DOMRADIO.DE: Sie haben ja schon gesagt, da sind wirklich richtig viele gekommen. Welche Reaktionen haben Sie mitbekommen?
Kleine: Wenn das erste Lied gesungen wird, dann merke ich ob die Leute mitsingen und wie die Stimmung in diesem Gottesdienst werden wird. Das ist dann ein bisschen wie bei einem Fußballländerspiel. Wenn da die Nationalhymne nicht mitgesungen wird, dann hat man schon ein Gefühl wie das Spiel laufen wird.
Aber gestern hatten wir als erstes Lied "Wir Komm her, freu dich mit uns, tritt ein" und da bebte das Eis und da habe ich gedacht: Das wird jetzt eine tolle Feier werden. Es war schwül, das Wasser lief von der Eisvitrine runter. Weil wir die Tür aufmachen mussten, hatte man den Straßenlärm drin, man hat die Polizei vorbeifahren hören. Das war wirklich ein Gottesdienst mitten in der Stadt. Paradiesisch!
DOMRADIO.DE: Dann haben sie natürlich auch noch das getan, was man in einer Eisdiele eigentlich machen muss: Eis gegessen, oder?
Kleine: Auf jeden Fall. Aber erst nach dem Gottesdienst. Weil da gilt ja die alte Regel: Kann man beim Beten Eis essen? Da sagt der Theologe: Schwierige Frage. Kann man aber beim Eis essen beten? Auf jeden Fall. Also da bin ich relativ schmerzfrei. Viele der Gäste haben sich ihren Cappuccino oder Espresso bestellt und ich habe auch gesehen, dass das ein oder andere Eis beim Gottesdienst gelöffelt wurde. Ich selber hab das natürlich erst nach dem Gottesdienst gemacht.
DOMRADIO.DE: Würden Sie sagen, dass Gottesdienste an außergewöhnlichen Orten ein Modell dafür sein kann, wie Kirche in Zukunft funktionieren kann?
Kleine: Wir haben das in Wuppertal nicht zum ersten Mal gemacht. Als Katholische Citykirche Wuppertal verfolgen wir ja genau diese Idee, da hinzugehen, wo die Menschen sind und nicht darauf zu warten, dass die Menschen zu uns kommen.

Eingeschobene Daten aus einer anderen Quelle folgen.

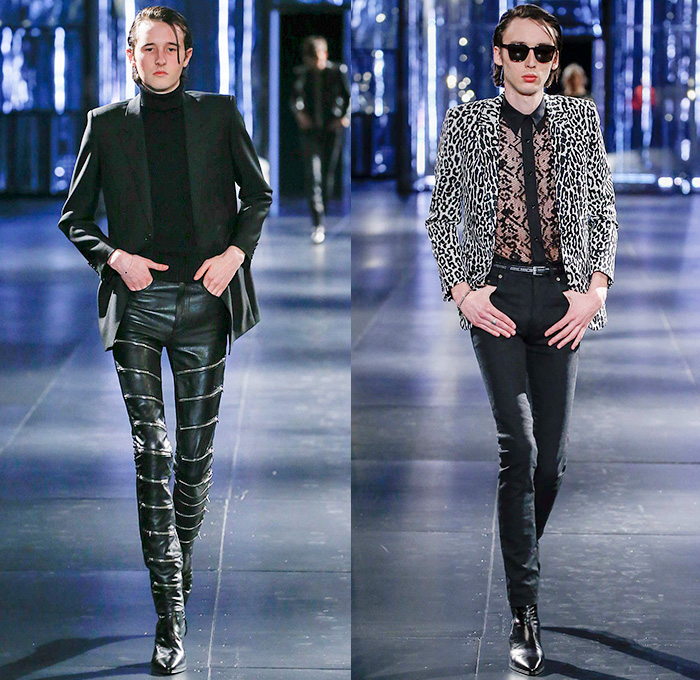 Saint Laurent 2015-2016 Fall Autumn Winter Mens Runway Catwalk Looks - Mode à Paris Fashion Week Mode Masculine France - Mod Rocker Black Slim Skinny Denim Jeans Motorcycle Biker Leather Zebra Leopard Cheetah Crocodile Alligator Outerwear Coat Boots Wool Furry Lace Metallic Trench Coat Cape Cloak Knit Sweater Jumper Stripes Polka Dots Blazer Tuxedo Bomber Jacket Zippers Slashed Zigzag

Das heißt, dieses Setting, Gottesdienste, Veranstaltungen oder Bibellesungen in einem Café, ist mir nicht fremd. Gerade im Eiscafé Giannone feiern wir ja jedes Jahr an den Adventssonntagen adventliche Gottesdienste. Ich schätze das sehr, weil das auch spirituell durchaus gehaltvolle Erfahrungen sind.
Wir als Kirche insgesamt müssen lernen, dass wir zunehmend solche Orte suchen, wo wir uns versammeln können. Gerade auch im Erzbistum Köln mit dem Zusammenschluss der Pastoralen Einheiten wird die eine oder andere Kirche vielleicht nicht zu halten sein. Dann kann man langsam von fünf auf null zählen, wenn eine Gemeinde sich am Sonntag nicht versammelt, dann wird diese Gemeinde sterben. Wir brauchen also Orte, wo die Gemeinden sich sammeln können.
In meinem Heimatbistum in Bistum Essen hat man diesen Fehler in den Nullerjahren gemacht, dass Kirchen geschlossen worden sind, den Gemeinden aber keine Alternativen geboten hat, wo man sich versammeln kann. Und diese Gemeinden sind oft nicht mehr vorhanden. Und ob man sich jetzt in einem Kirchenraum trifft, in einem Eiscafé, in einem Versammlungsraum, ist dann eine zweite Frage. Dass Kirchenräume ästhetisch nicht zu toppen sind, darüber braucht man nicht diskutieren. Aber wir müssen, glaube ich, nach Alternativen suchen.
Das Interview führt Hilde Regeniter.